§ PROBLEM TO SOLVE: Only the lines from the one containing "Full frame shot of leaves" to the end of the records belong in the answer; repeat them exactly and drop the pictures.

Web page caption snippets:
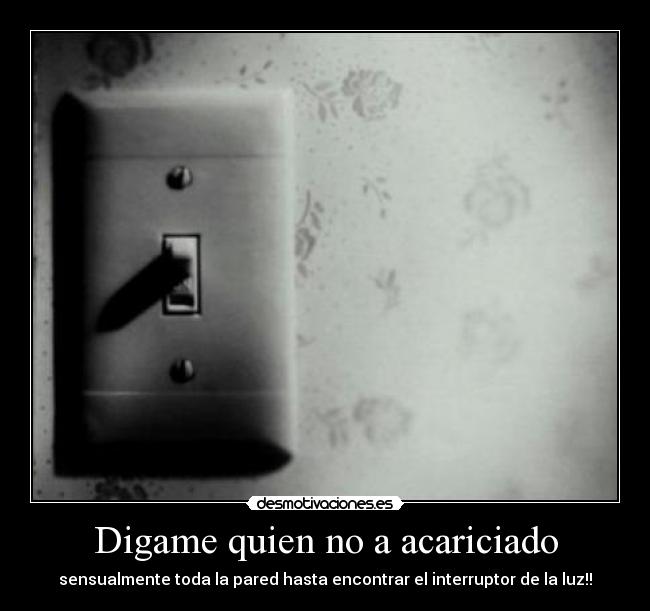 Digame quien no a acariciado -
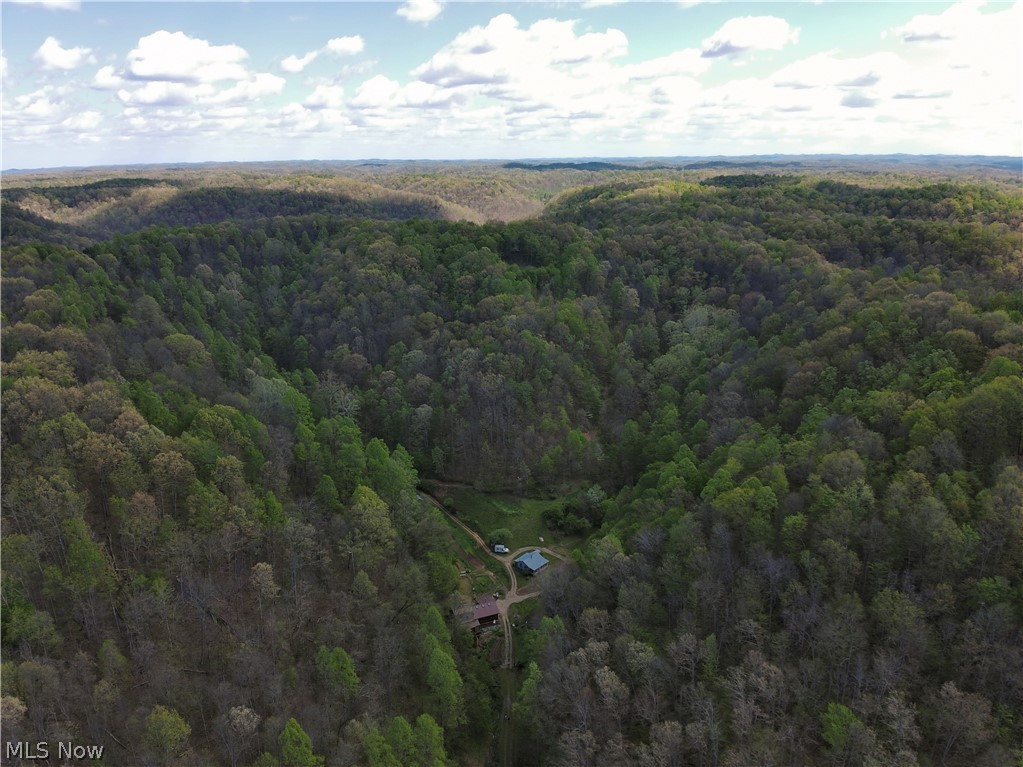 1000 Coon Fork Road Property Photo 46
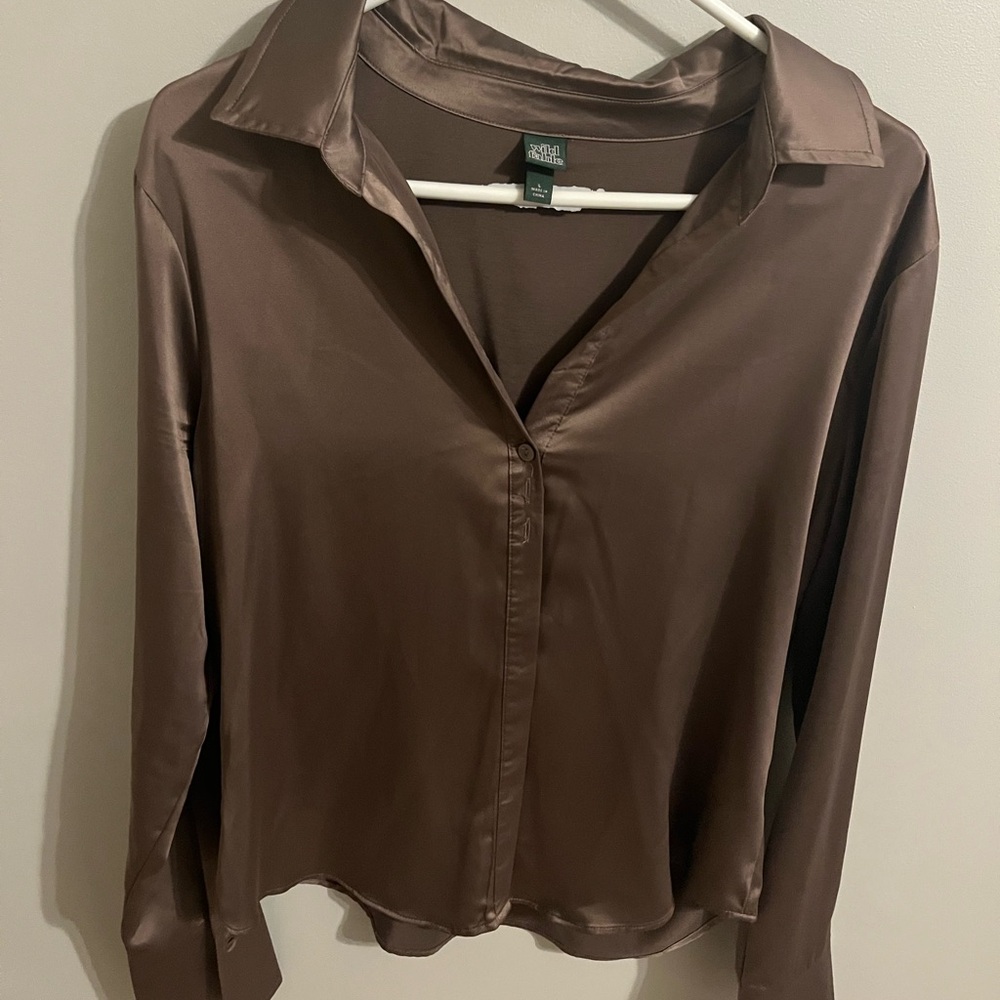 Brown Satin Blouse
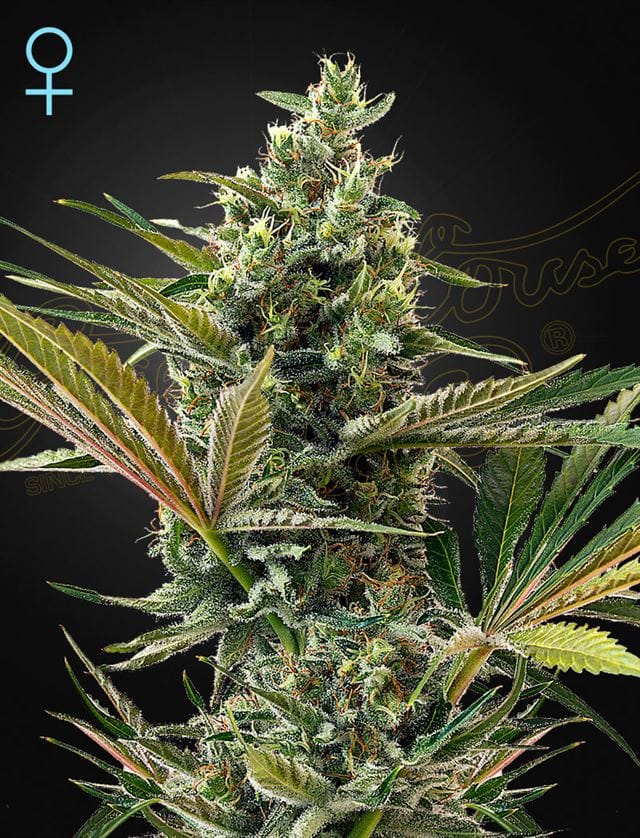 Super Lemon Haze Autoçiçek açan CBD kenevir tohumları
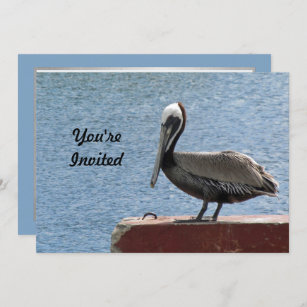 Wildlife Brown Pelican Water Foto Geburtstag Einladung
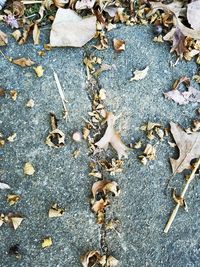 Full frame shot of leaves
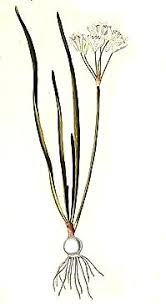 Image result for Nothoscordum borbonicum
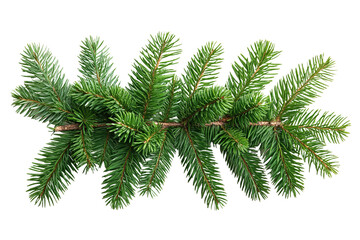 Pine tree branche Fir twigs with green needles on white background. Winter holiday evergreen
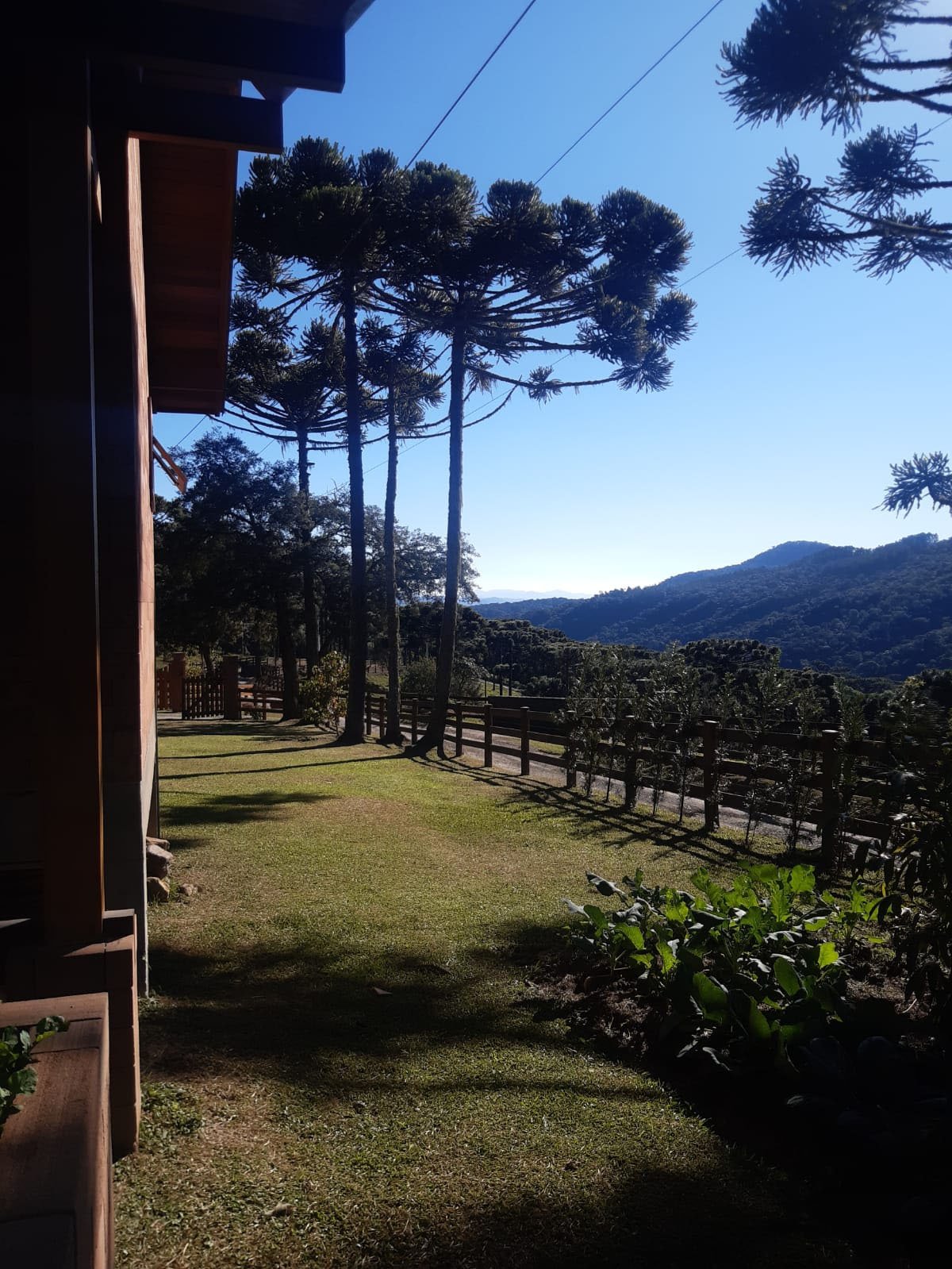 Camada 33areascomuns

§ SOLUTION TO THIS PROBLEM:
 Full frame shot of leaves
 Image result for Nothoscordum borbonicum
 Pine tree branche Fir twigs with green needles on white background. Winter holiday evergreen
 Camada 33areascomuns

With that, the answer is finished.